[DATA RECORDS — start]

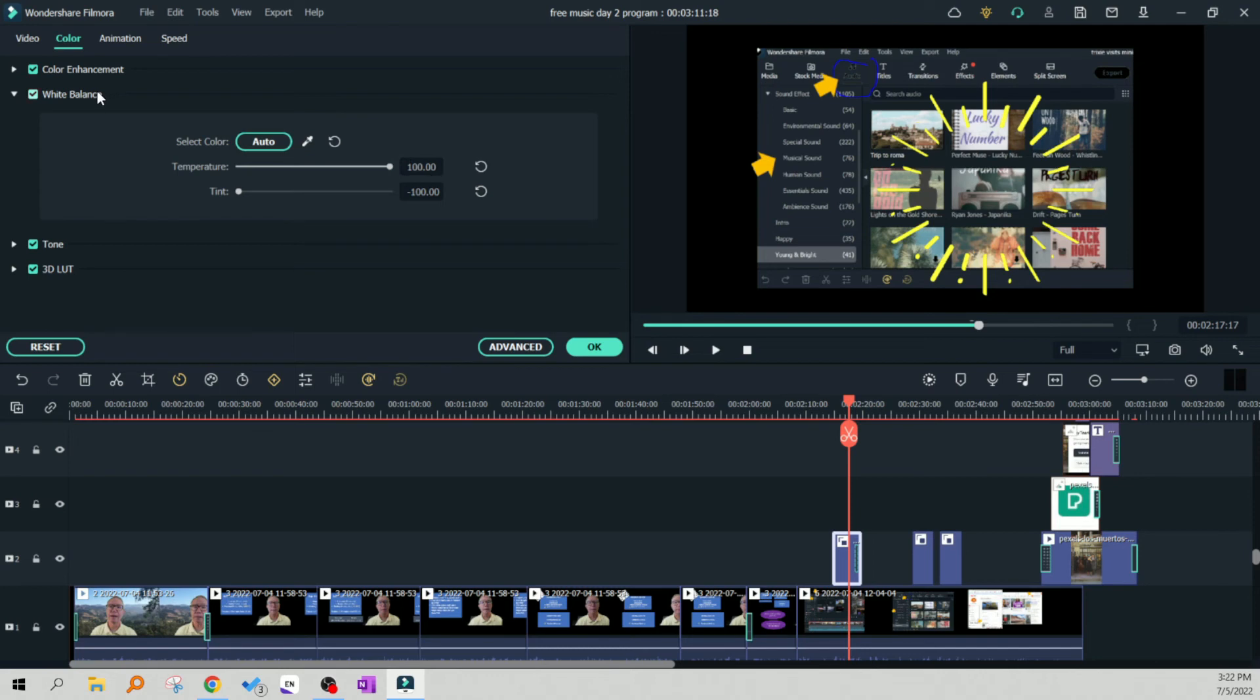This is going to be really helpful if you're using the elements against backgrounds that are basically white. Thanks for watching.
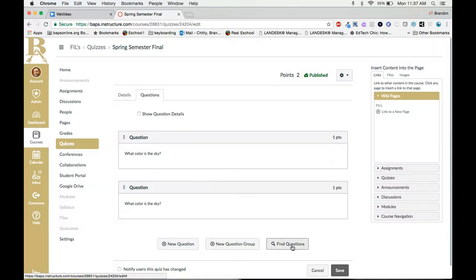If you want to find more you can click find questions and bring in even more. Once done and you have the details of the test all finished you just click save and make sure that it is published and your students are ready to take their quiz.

[DATA RECORDS — finish]
[DATA RECORDS — start]

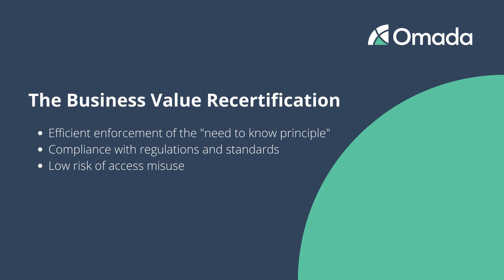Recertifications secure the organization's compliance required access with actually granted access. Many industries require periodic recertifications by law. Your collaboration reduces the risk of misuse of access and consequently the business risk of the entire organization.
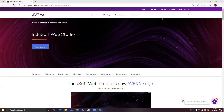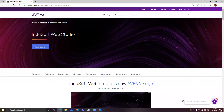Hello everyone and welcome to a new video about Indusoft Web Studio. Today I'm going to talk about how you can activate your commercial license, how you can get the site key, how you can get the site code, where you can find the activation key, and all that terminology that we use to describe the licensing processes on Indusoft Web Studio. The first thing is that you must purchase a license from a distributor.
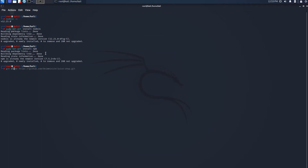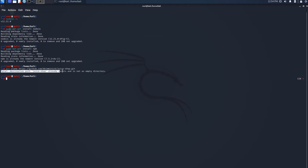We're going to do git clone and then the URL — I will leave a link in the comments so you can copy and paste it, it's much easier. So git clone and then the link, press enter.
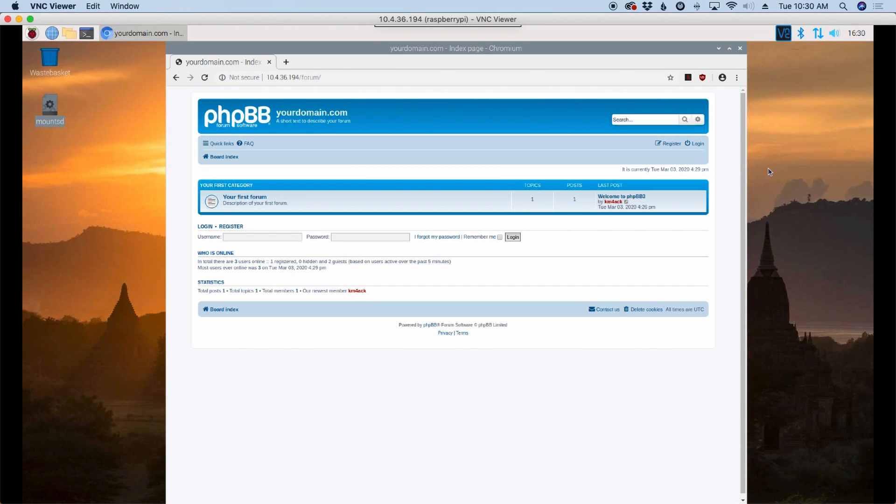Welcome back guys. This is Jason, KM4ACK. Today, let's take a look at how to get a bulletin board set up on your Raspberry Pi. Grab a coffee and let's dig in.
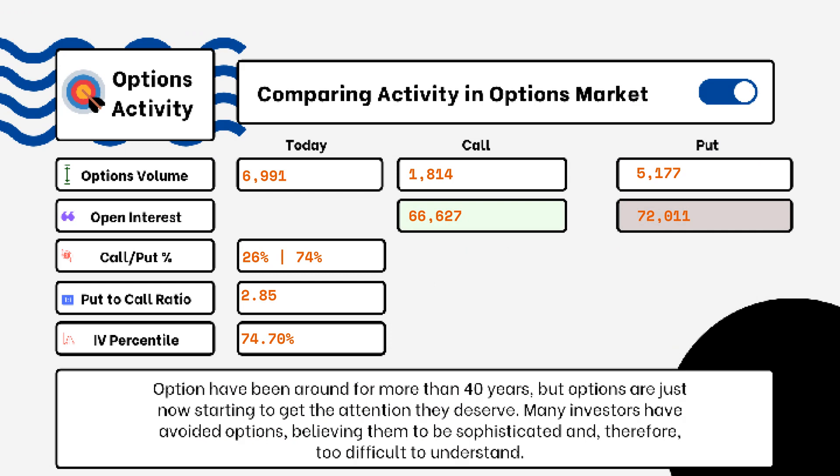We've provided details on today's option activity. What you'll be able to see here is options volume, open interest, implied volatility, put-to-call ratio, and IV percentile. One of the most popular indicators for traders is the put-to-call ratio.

[DATA RECORDS — finish]

(PROBLEM):
Leave the pictures out, and transcribe exactly the lines above starting at the one that contains "Hello everyone and" and ending at the one that contains "We've provided details".

(RESULT):
Hello everyone and welcome to a new video about Indusoft Web Studio. Today I'm going to talk about how you can activate your commercial license, how you can get the site key, how you can get the site code, where you can find the activation key, and all that terminology that we use to describe the licensing processes on Indusoft Web Studio. The first thing is that you must purchase a license from a distributor.
We're going to do git clone and then the URL — I will leave a link in the comments so you can copy and paste it, it's much easier. So git clone and then the link, press enter.
Welcome back guys. This is Jason, KM4ACK. Today, let's take a look at how to get a bulletin board set up on your Raspberry Pi. Grab a coffee and let's dig in.
We've provided details on today's option activity. What you'll be able to see here is options volume, open interest, implied volatility, put-to-call ratio, and IV percentile. One of the most popular indicators for traders is the put-to-call ratio.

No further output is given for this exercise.